- _What is expected_: Each line of the records needs to be written out exactly, with any image left out.

- _Material provided_:
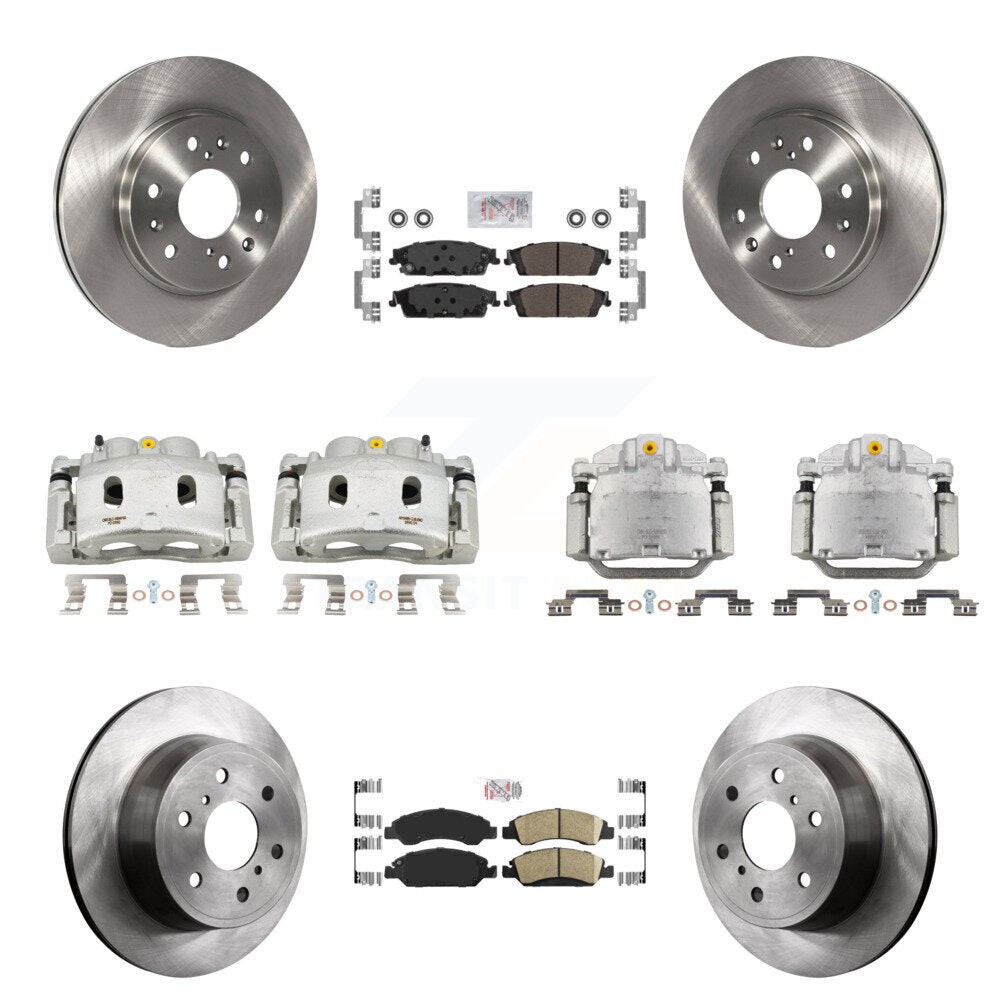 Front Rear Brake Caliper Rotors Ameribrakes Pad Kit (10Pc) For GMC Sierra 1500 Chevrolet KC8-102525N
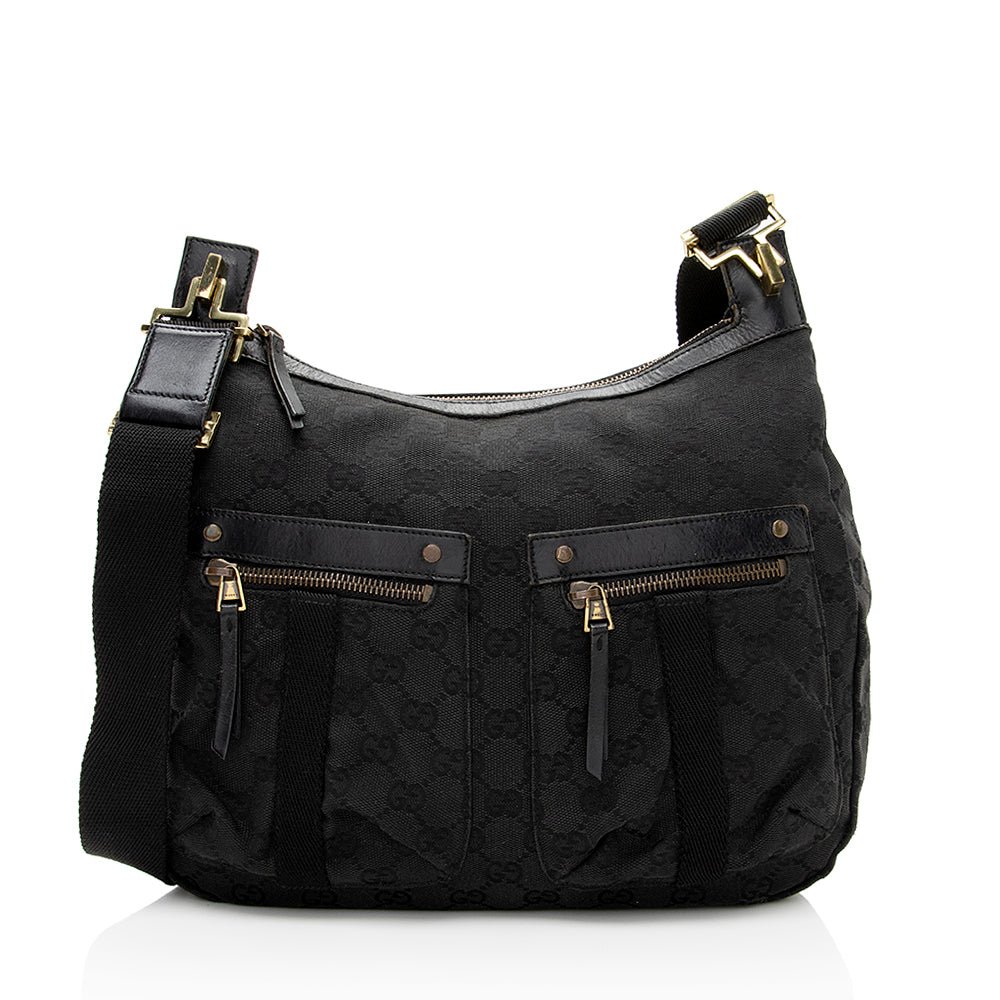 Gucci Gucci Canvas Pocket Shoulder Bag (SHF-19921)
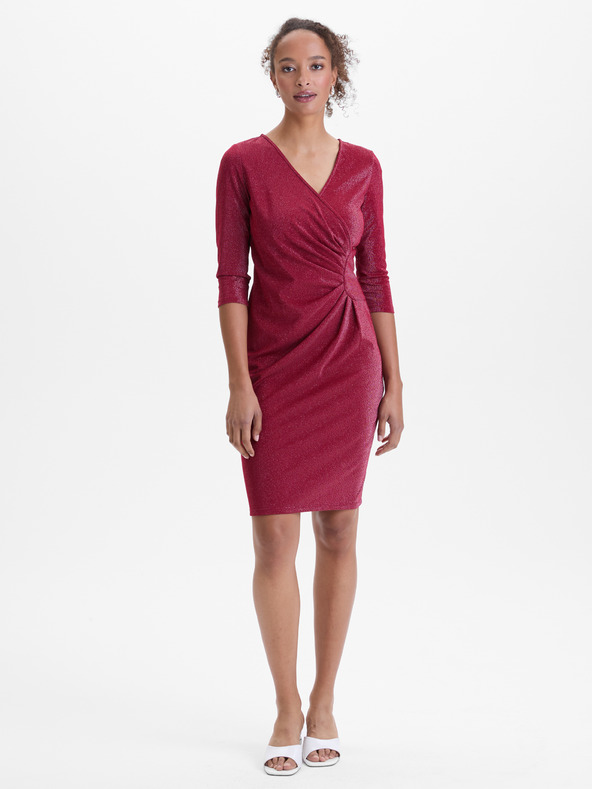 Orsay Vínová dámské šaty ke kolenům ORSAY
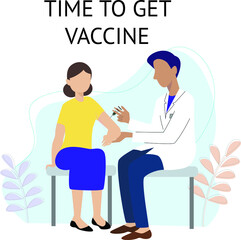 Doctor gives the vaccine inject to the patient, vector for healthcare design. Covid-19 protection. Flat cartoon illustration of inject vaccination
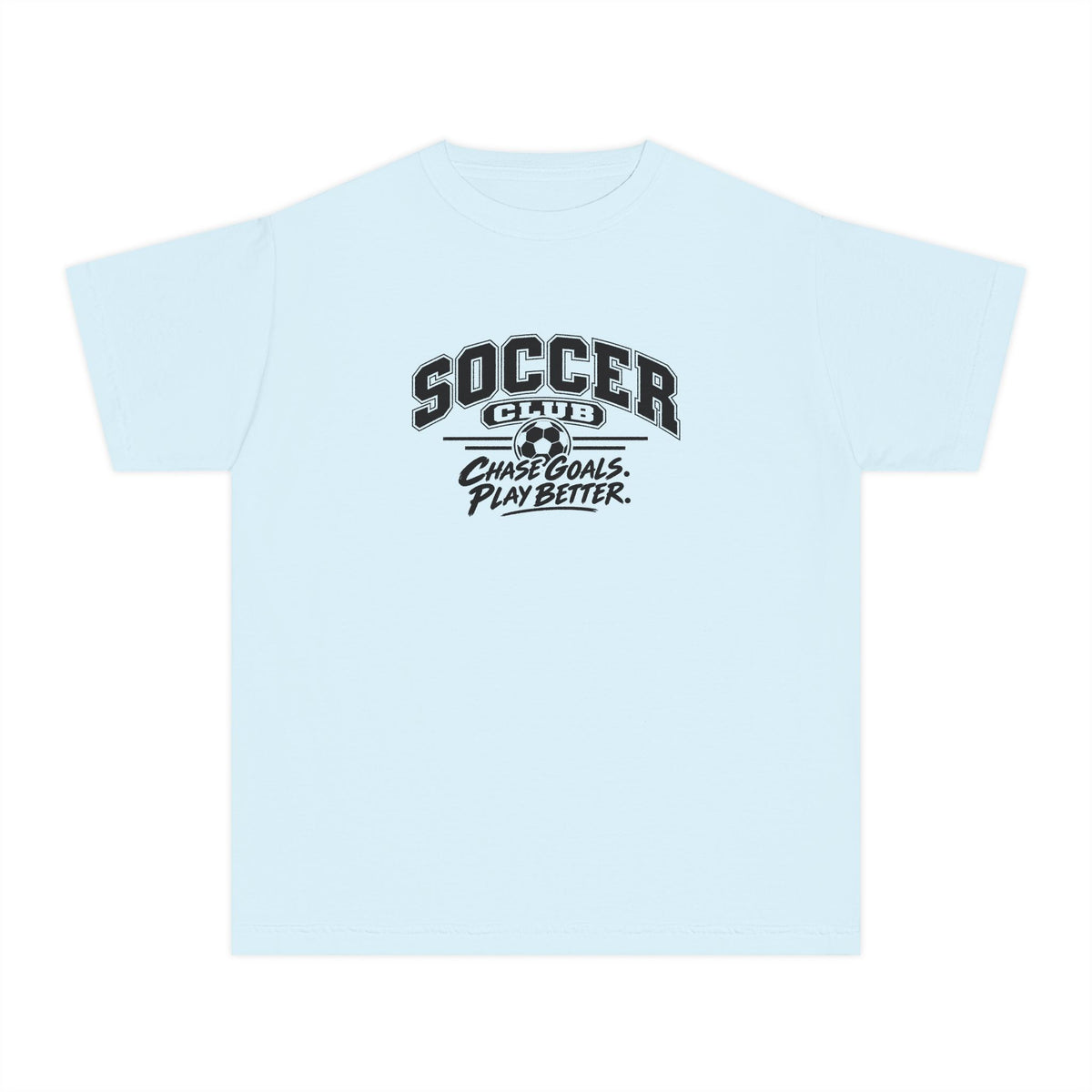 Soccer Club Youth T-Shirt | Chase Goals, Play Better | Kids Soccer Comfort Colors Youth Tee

- _Response to the task_:
 Front Rear Brake Caliper Rotors Ameribrakes Pad Kit (10Pc) For GMC Sierra 1500 Chevrolet KC8-102525N
 Gucci Gucci Canvas Pocket Shoulder Bag (SHF-19921)
 Orsay Vínová dámské šaty ke kolenům ORSAY
 Doctor gives the vaccine inject to the patient, vector for healthcare design. Covid-19 protection. Flat cartoon illustration of inject vaccination
 Soccer Club Youth T-Shirt | Chase Goals, Play Better | Kids Soccer Comfort Colors Youth Tee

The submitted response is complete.